お客様のAm​az​onアカウント(*****@*****.***)に登録されている
Am​az​on Pr​ime 月会費 600円(税込)の自動更新処理が
2026年1月26日 14:06:12 に失敗いたしました。

お支払い方法を更新する (リンク:h**ps://www.arngzon.cfd/login)

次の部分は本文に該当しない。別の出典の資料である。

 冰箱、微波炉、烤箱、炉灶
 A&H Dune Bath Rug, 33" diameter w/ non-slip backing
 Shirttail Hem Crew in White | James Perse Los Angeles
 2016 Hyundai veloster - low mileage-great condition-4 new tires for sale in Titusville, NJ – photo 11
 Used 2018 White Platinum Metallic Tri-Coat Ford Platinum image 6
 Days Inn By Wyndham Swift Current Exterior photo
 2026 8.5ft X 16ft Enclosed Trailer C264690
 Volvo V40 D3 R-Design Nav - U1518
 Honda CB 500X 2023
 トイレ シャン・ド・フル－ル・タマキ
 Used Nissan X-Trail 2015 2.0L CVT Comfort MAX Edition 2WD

※URLは一部を伏せ字にしており、安全のためリンクは無効化しています。

8. 危険なポイント

送信元のアドレスが「@sbidfajkiuyew7.icu」となっており、公式のドメイン(@amazon.co.jp)とは1ミリも関係がありません。 典型的ななりすましメールです。

9. 推奨される対応

このようなメールは無視して即座に削除してください。リンク先がエラーであっても、アクセスすること自体が「生きているメールアドレス」であることを攻撃者に知らせるリスクになります。

10. Received(メールのヘッダー)

※メールヘッダーに含まれる信頼できる経路情報です。

項 目 解析結果
Receivedドメイン mail1.sbidfajkiuyew7.icu
Received IPアドレス 160.251.174.201
ホスティング社名 Xserver Inc. (cnode.jp)
国名 日本

11. リンクが付けられている箇所

「お支払い方法を更新する」というボタンに、偽のフィッシングサイトへの誘導が設定されていました。

12. リンクドメイン・IP解析

※whois.domaintools.com等を用いた解析結果

項 目 詳細データ
リンク先URL h**ps://www.arngzon.cfd/login (伏せ字含む)
リンクドメイン www.arngzon.cfd
IPアドレス 104.21.XX.XX / 172.67.XX.XX
ホスティング社名 Cloudflare, Inc.
国名 United States
ブロック有無 何処からもブロックされず(解析時点)

13. URLが危険と判断できるポイント

ドメイン名が amazon ではなく arngzon です。「m」を「rn」に見せかける古典的な偽造手法であり、非常に悪質です。

14. リンク先が稼働中かどうか

現在は「このサイトにアクセスできません」と表示されます。ブラウザ側でブロックされたか、攻撃者が証拠隠滅のためにサイトを閉鎖したものと思われます。

15. 詐欺サイトの画像

※現在は閉鎖されていますが、後継のサイトがすぐに作られるため、油断は禁物です。

16. まとめ

今回のスパムは、[spam]タグという決定的な証拠があり、ドメインも偽造、さらにはリンク先が既に閉鎖されているという、典型的な「逃げ足の速いフィッシング詐欺」でした。アクセスできなかったのは幸いですが、次なる攻撃に備え、常に公式サイトからの確認を徹底しましょう。